Patients who received antidepressants without a psychiatric diagnosis were more likely to be age 50 or older, and less likely to be men, members of a racial or ethnic minority, new patients, or paying for the visit themselves, researchers noted. These patients also tended to have diabetes, heart disease, or multiple medical conditions; have excessive fatigue and headaches; or report nonspecific pain or abnormal sensations.

Researchers said the growing use of antidepressants for broader conditions, such as boosting moods, relieving mild anxiety, or improving sleep, raises worrisome questions about whether the drugs are being inappropriately prescribed.

"We do not yet have proof that inappropriate use of antidepressants is increasing, but the change in prescribing trends is worrisome. The trends suggest that some primary care physicians overestimate the effectiveness of antidepressant medications in treating mild conditions, and that insufficient communication is occurring between primary care physicians and psychiatrists," the authors wrote.

The study recommended:

  • taking steps to better educate physicians on how to recognize mental disorders and what the evidence shows about the long-term benefits and limits of antidepressants;
  • reforming insurers' drug formularies to help rein in inappropriate antidepressant prescribing; and
  • reducing fragmented care to improve the delivery of mental health services and foster better collaboration among clinicians.

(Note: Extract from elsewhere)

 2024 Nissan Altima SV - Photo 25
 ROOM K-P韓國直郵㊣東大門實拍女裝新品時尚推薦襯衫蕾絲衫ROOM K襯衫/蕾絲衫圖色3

"Prescribing antidepressants without a psychiatric diagnosis is especially common in medical practices that prescribe the medications to a larger percentage of their patients," the authors concluded. "Yet paradoxically, a large proportion of patients with common mental disorders do not receive needed treatment because their primary care providers do not detect their conditions."

The study also suggested that patients discuss with their physicians whether antidepressants are the right treatment, and for physicians to seek alternative treatments.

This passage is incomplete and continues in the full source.